Here is a video chat between Nolen and Posner:
Posner left the Arden, where he was artistic director, three years after opening its space in Old City. The time was simply right. "In addition to the artistic, Terry and Amy derive pleasure from running things, building things," Posner says. "I didn't. . . . It felt like my writing was beginning to interest me more at that point."
He has a taste for redoing the classics, including his takes on Shakespeare's As You Like It in 1989 and Shaw's Man and Superman in 1995 (the latter starred Grace Gonglewski and Greg Wood, who both feature in Bird).
In 2005, Posner felt+ changes in how and what he wrote as a "sort-of" adapter/playwright/remixer. "Up until that time," he says, "most of what I did was reverent, serving the original author's vision, be it Chaim Potok or Kurt Vonnegut. I was sharing their stories in ways to make them proud."
That changed with Bird, a jumbled, highly personalized rewrite of Chekhov.

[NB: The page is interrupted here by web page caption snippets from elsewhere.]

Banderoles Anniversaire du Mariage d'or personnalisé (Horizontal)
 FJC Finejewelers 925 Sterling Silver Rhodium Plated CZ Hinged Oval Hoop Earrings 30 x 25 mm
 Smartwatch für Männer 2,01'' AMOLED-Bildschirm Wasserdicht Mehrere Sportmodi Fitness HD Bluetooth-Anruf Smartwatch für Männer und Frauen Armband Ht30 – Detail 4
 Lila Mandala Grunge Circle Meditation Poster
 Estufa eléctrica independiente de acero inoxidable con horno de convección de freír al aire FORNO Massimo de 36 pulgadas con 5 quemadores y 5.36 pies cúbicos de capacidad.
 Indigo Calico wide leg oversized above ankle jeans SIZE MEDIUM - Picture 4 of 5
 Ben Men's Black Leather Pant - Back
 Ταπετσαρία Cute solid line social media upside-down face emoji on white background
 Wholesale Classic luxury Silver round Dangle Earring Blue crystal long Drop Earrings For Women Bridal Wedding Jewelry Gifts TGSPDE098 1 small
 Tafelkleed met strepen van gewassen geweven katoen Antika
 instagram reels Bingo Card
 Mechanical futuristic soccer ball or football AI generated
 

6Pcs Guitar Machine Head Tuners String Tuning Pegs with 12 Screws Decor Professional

It became a way for Posner to look at events in his own life (the birth of a daughter) and his surroundings (politics, his life as an artist) and spin Seagull into autobiography. Suddenly, #Black LivesMatter and egotistic TV actresses became part of Chekhov's - well, Posner's - material.
"I suddenly felt, 'No, no, I'm going to borrow your world and your playground, Anton Chekhov, and use it for my own purpose,' " Posner says with a laugh.
"People used to ask why don't I write my own plays," he says. "And I would tell them that these authors' words and ideas were so much more far-thinking than my own. That is, until, all of a sudden, I realized that I had been doing this for quite some time and have my own interesting life to draw from - relationships, love, hope, struggle."
The Seagull is, in part, a play about plays, and Posner reshaped it into a play about a play about plays about a life. The character of Conrad even uses Posnerian phrases ("I do say 'actually, actually' a lot") along with personal opinions and actions. As Posner puts it, "I'm embedded all over the Bird.
"The truth is the point of theater," Posner says. "As a director, I've forever asked actors to look into their hearts and minds and put their truth on the line: to reach deep, be generous and courageous. After a generation of asking that, I owe that of myself."
Why Chekhov? Posner says the playwright's language and vision give those who are curious and ardent license to create, or rather, recreate. "One hundred and 10 years ago, he was creating a new form of theater out of his radical honesty about everyday people, himself included. Now, I love bigger-than-life heroes and villains, but people getting through life and art's daily struggles - the quotidian difficulties - fascinated him and me. I'm the zillionth person to adapt Chekhov's words. We do it because of his transparency - I'm just re-radicalizing him."
Since its first performance in May 2013 by the Woolly Mammoth Theatre Company in Washington, Bird has flown around the globe to great applause. It won the Charles MacArthur Award for New Play or Musical in 2014. Popularity also has come to Life Sucks (Or the Present Ridiculous), Posner's equally irreverent, personal take on another Chekhov play.
Posner values the success less for the money than for the acceptance. "I don't feel so alone in all this anymore," he says. "Other people are responding to the things that I'm thinking about art and life."